◆ Description of the task ◆
Would you restate the data exactly as given?
* * * *
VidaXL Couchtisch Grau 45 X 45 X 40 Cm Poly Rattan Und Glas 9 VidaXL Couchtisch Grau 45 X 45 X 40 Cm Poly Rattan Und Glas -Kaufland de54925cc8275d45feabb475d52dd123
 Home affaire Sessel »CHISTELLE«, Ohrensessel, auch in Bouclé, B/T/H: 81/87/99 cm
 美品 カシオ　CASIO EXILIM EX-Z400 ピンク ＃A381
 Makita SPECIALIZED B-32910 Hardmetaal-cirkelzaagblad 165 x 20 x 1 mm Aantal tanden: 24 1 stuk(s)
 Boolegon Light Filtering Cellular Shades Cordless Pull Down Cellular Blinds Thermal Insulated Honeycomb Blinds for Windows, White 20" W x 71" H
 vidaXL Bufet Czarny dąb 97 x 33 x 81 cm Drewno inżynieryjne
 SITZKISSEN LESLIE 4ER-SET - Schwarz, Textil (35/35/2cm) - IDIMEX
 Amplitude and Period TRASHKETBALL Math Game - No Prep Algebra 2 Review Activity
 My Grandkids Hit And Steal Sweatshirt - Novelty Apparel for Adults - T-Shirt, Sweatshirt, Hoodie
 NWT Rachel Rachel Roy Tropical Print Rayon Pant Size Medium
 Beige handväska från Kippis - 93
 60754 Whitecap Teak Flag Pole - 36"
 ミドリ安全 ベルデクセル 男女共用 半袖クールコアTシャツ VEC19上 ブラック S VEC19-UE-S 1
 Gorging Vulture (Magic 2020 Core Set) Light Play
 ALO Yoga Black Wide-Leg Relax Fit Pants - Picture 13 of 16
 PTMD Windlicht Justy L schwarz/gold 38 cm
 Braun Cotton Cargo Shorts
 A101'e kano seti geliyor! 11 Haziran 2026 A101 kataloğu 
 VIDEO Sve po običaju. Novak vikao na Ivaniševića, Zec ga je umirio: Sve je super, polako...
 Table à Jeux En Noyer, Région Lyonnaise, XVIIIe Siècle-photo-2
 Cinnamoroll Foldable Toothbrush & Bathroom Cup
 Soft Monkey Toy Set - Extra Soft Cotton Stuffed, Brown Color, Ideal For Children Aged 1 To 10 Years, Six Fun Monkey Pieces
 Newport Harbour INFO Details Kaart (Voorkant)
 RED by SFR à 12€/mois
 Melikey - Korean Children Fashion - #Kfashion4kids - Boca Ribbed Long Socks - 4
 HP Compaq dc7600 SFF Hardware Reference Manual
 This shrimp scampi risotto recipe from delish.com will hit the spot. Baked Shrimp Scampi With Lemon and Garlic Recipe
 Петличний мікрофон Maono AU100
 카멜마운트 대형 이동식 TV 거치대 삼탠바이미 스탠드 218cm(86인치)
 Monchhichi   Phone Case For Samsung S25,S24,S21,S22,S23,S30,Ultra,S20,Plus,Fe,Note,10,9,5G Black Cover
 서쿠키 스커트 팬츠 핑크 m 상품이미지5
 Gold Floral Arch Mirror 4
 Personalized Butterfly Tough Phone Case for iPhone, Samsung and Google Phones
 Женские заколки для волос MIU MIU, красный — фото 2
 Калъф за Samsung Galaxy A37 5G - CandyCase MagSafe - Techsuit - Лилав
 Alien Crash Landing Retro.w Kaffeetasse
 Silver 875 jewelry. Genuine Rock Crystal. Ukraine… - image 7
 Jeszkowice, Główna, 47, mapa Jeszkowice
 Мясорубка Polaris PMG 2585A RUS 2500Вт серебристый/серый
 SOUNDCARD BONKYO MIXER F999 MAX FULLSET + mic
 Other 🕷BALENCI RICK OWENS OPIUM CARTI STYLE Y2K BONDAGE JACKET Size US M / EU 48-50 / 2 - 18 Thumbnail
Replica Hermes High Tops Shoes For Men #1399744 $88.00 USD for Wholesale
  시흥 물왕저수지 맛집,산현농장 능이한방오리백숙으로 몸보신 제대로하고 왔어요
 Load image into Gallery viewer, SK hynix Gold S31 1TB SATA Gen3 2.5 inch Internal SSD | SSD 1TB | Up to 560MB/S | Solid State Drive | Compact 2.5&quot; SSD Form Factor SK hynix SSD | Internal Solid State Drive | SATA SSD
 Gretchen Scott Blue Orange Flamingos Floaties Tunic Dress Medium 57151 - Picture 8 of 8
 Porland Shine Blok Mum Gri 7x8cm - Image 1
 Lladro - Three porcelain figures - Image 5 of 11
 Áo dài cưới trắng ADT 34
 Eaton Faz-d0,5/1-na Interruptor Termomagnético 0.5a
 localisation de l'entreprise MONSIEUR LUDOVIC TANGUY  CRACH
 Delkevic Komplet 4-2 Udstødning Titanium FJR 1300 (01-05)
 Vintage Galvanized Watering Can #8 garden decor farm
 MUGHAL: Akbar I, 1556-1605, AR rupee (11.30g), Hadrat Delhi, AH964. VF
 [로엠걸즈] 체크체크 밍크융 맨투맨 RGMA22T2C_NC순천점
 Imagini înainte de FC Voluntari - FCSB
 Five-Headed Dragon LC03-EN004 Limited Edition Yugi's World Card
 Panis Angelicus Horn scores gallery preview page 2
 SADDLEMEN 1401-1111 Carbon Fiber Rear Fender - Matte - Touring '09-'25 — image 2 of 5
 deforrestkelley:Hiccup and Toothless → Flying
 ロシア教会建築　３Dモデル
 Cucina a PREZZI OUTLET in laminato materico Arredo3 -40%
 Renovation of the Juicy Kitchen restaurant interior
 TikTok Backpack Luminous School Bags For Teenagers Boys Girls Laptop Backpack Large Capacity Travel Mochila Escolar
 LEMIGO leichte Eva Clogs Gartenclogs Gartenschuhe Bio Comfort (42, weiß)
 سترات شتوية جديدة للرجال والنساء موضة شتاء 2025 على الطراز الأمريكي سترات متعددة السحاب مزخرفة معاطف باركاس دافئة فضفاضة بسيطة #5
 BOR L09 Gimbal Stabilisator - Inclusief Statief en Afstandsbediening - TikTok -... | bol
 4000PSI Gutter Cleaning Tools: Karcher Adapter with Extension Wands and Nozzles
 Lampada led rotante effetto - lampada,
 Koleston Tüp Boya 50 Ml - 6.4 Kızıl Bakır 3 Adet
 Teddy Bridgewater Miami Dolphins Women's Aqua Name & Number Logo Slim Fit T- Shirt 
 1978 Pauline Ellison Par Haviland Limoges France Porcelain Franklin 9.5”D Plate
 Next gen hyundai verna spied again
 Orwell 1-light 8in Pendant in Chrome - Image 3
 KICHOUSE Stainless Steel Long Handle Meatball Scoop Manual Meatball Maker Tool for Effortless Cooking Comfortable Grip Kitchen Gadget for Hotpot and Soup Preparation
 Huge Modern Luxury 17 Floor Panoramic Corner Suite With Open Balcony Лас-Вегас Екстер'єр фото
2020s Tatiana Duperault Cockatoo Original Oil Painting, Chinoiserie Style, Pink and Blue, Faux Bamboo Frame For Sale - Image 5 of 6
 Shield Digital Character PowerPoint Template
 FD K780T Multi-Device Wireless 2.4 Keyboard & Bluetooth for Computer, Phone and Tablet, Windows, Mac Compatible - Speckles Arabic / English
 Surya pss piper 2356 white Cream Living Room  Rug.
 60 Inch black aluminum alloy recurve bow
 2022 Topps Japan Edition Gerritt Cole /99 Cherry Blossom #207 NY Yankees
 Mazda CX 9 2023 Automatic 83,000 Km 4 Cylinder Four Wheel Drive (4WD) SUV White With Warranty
* * * *
◆ Result of the task ◆
VidaXL Couchtisch Grau 45 X 45 X 40 Cm Poly Rattan Und Glas 9 VidaXL Couchtisch Grau 45 X 45 X 40 Cm Poly Rattan Und Glas -Kaufland de54925cc8275d45feabb475d52dd123
 Home affaire Sessel »CHISTELLE«, Ohrensessel, auch in Bouclé, B/T/H: 81/87/99 cm
 美品 カシオ　CASIO EXILIM EX-Z400 ピンク ＃A381
 Makita SPECIALIZED B-32910 Hardmetaal-cirkelzaagblad 165 x 20 x 1 mm Aantal tanden: 24 1 stuk(s)
 Boolegon Light Filtering Cellular Shades Cordless Pull Down Cellular Blinds Thermal Insulated Honeycomb Blinds for Windows, White 20" W x 71" H
 vidaXL Bufet Czarny dąb 97 x 33 x 81 cm Drewno inżynieryjne
 SITZKISSEN LESLIE 4ER-SET - Schwarz, Textil (35/35/2cm) - IDIMEX
 Amplitude and Period TRASHKETBALL Math Game - No Prep Algebra 2 Review Activity
 My Grandkids Hit And Steal Sweatshirt - Novelty Apparel for Adults - T-Shirt, Sweatshirt, Hoodie
 NWT Rachel Rachel Roy Tropical Print Rayon Pant Size Medium
 Beige handväska från Kippis - 93
 60754 Whitecap Teak Flag Pole - 36"
 ミドリ安全 ベルデクセル 男女共用 半袖クールコアTシャツ VEC19上 ブラック S VEC19-UE-S 1
 Gorging Vulture (Magic 2020 Core Set) Light Play
 ALO Yoga Black Wide-Leg Relax Fit Pants - Picture 13 of 16
 PTMD Windlicht Justy L schwarz/gold 38 cm
 Braun Cotton Cargo Shorts
 A101'e kano seti geliyor! 11 Haziran 2026 A101 kataloğu 
 VIDEO Sve po običaju. Novak vikao na Ivaniševića, Zec ga je umirio: Sve je super, polako...
 Table à Jeux En Noyer, Région Lyonnaise, XVIIIe Siècle-photo-2
 Cinnamoroll Foldable Toothbrush & Bathroom Cup
 Soft Monkey Toy Set - Extra Soft Cotton Stuffed, Brown Color, Ideal For Children Aged 1 To 10 Years, Six Fun Monkey Pieces
 Newport Harbour INFO Details Kaart (Voorkant)
 RED by SFR à 12€/mois
 Melikey - Korean Children Fashion - #Kfashion4kids - Boca Ribbed Long Socks - 4
 HP Compaq dc7600 SFF Hardware Reference Manual
 This shrimp scampi risotto recipe from delish.com will hit the spot. Baked Shrimp Scampi With Lemon and Garlic Recipe
 Петличний мікрофон Maono AU100
 카멜마운트 대형 이동식 TV 거치대 삼탠바이미 스탠드 218cm(86인치)
 Monchhichi   Phone Case For Samsung S25,S24,S21,S22,S23,S30,Ultra,S20,Plus,Fe,Note,10,9,5G Black Cover
 서쿠키 스커트 팬츠 핑크 m 상품이미지5
 Gold Floral Arch Mirror 4
 Personalized Butterfly Tough Phone Case for iPhone, Samsung and Google Phones
 Женские заколки для волос MIU MIU, красный — фото 2
 Калъф за Samsung Galaxy A37 5G - CandyCase MagSafe - Techsuit - Лилав
 Alien Crash Landing Retro.w Kaffeetasse
 Silver 875 jewelry. Genuine Rock Crystal. Ukraine… - image 7
 Jeszkowice, Główna, 47, mapa Jeszkowice
 Мясорубка Polaris PMG 2585A RUS 2500Вт серебристый/серый
 SOUNDCARD BONKYO MIXER F999 MAX FULLSET + mic
 Other 🕷BALENCI RICK OWENS OPIUM CARTI STYLE Y2K BONDAGE JACKET Size US M / EU 48-50 / 2 - 18 Thumbnail
Replica Hermes High Tops Shoes For Men #1399744 $88.00 USD for Wholesale
  시흥 물왕저수지 맛집,산현농장 능이한방오리백숙으로 몸보신 제대로하고 왔어요
 Load image into Gallery viewer, SK hynix Gold S31 1TB SATA Gen3 2.5 inch Internal SSD | SSD 1TB | Up to 560MB/S | Solid State Drive | Compact 2.5&quot; SSD Form Factor SK hynix SSD | Internal Solid State Drive | SATA SSD
 Gretchen Scott Blue Orange Flamingos Floaties Tunic Dress Medium 57151 - Picture 8 of 8
 Porland Shine Blok Mum Gri 7x8cm - Image 1
 Lladro - Three porcelain figures - Image 5 of 11
 Áo dài cưới trắng ADT 34
 Eaton Faz-d0,5/1-na Interruptor Termomagnético 0.5a
 localisation de l'entreprise MONSIEUR LUDOVIC TANGUY  CRACH
 Delkevic Komplet 4-2 Udstødning Titanium FJR 1300 (01-05)
 Vintage Galvanized Watering Can #8 garden decor farm
 MUGHAL: Akbar I, 1556-1605, AR rupee (11.30g), Hadrat Delhi, AH964. VF
 [로엠걸즈] 체크체크 밍크융 맨투맨 RGMA22T2C_NC순천점
 Imagini înainte de FC Voluntari - FCSB
 Five-Headed Dragon LC03-EN004 Limited Edition Yugi's World Card
 Panis Angelicus Horn scores gallery preview page 2
 SADDLEMEN 1401-1111 Carbon Fiber Rear Fender - Matte - Touring '09-'25 — image 2 of 5
 deforrestkelley:Hiccup and Toothless → Flying
 ロシア教会建築　３Dモデル
 Cucina a PREZZI OUTLET in laminato materico Arredo3 -40%
 Renovation of the Juicy Kitchen restaurant interior
 TikTok Backpack Luminous School Bags For Teenagers Boys Girls Laptop Backpack Large Capacity Travel Mochila Escolar
 LEMIGO leichte Eva Clogs Gartenclogs Gartenschuhe Bio Comfort (42, weiß)
 سترات شتوية جديدة للرجال والنساء موضة شتاء 2025 على الطراز الأمريكي سترات متعددة السحاب مزخرفة معاطف باركاس دافئة فضفاضة بسيطة #5
 BOR L09 Gimbal Stabilisator - Inclusief Statief en Afstandsbediening - TikTok -... | bol
 4000PSI Gutter Cleaning Tools: Karcher Adapter with Extension Wands and Nozzles
 Lampada led rotante effetto - lampada,
 Koleston Tüp Boya 50 Ml - 6.4 Kızıl Bakır 3 Adet
 Teddy Bridgewater Miami Dolphins Women's Aqua Name & Number Logo Slim Fit T- Shirt 
 1978 Pauline Ellison Par Haviland Limoges France Porcelain Franklin 9.5”D Plate
 Next gen hyundai verna spied again
 Orwell 1-light 8in Pendant in Chrome - Image 3
 KICHOUSE Stainless Steel Long Handle Meatball Scoop Manual Meatball Maker Tool for Effortless Cooking Comfortable Grip Kitchen Gadget for Hotpot and Soup Preparation
 Huge Modern Luxury 17 Floor Panoramic Corner Suite With Open Balcony Лас-Вегас Екстер'єр фото
2020s Tatiana Duperault Cockatoo Original Oil Painting, Chinoiserie Style, Pink and Blue, Faux Bamboo Frame For Sale - Image 5 of 6
 Shield Digital Character PowerPoint Template
 FD K780T Multi-Device Wireless 2.4 Keyboard & Bluetooth for Computer, Phone and Tablet, Windows, Mac Compatible - Speckles Arabic / English
 Surya pss piper 2356 white Cream Living Room  Rug.
 60 Inch black aluminum alloy recurve bow
 2022 Topps Japan Edition Gerritt Cole /99 Cherry Blossom #207 NY Yankees
 Mazda CX 9 2023 Automatic 83,000 Km 4 Cylinder Four Wheel Drive (4WD) SUV White With Warranty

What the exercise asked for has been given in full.